- **Recorded data**:
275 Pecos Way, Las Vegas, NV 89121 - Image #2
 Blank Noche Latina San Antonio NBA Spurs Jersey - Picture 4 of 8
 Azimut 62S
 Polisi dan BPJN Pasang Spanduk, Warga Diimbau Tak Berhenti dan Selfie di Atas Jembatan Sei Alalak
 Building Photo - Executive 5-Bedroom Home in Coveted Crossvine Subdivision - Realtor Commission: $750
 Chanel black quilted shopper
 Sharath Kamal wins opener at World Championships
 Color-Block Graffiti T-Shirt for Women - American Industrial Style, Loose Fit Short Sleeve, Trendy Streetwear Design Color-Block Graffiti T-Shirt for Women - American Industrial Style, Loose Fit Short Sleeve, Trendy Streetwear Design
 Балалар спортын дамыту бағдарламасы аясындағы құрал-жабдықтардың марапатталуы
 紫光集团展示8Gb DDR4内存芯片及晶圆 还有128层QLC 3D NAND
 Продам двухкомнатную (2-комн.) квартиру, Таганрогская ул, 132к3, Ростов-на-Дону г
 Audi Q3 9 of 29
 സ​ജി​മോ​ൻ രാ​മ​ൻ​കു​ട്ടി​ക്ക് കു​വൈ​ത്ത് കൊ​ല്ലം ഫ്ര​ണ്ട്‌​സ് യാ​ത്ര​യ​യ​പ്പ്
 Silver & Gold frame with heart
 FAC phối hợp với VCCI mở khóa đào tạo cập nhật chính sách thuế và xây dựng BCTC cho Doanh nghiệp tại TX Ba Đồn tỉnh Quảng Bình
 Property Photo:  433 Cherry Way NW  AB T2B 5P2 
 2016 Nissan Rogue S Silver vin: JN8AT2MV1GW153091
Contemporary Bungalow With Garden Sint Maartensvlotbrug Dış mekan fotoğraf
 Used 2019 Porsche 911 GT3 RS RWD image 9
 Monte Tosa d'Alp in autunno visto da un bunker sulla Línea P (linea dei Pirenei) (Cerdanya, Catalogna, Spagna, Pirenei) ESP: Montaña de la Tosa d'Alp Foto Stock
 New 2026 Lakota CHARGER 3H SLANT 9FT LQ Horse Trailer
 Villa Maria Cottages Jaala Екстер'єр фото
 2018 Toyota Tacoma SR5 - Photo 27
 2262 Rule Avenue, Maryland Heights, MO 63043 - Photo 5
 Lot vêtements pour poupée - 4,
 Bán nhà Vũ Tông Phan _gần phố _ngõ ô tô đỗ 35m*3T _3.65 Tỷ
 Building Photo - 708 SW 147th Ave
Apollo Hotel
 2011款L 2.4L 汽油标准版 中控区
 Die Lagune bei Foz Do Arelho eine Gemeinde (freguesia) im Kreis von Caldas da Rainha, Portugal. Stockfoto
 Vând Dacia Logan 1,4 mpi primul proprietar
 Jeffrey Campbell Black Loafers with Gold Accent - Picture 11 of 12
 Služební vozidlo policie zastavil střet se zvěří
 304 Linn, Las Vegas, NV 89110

- **Instructions to follow**: Out of the preceding entries, pull each line that contains the word "Silver".

- **Task response**:
 Silver & Gold frame with heart
 2016 Nissan Rogue S Silver vin: JN8AT2MV1GW153091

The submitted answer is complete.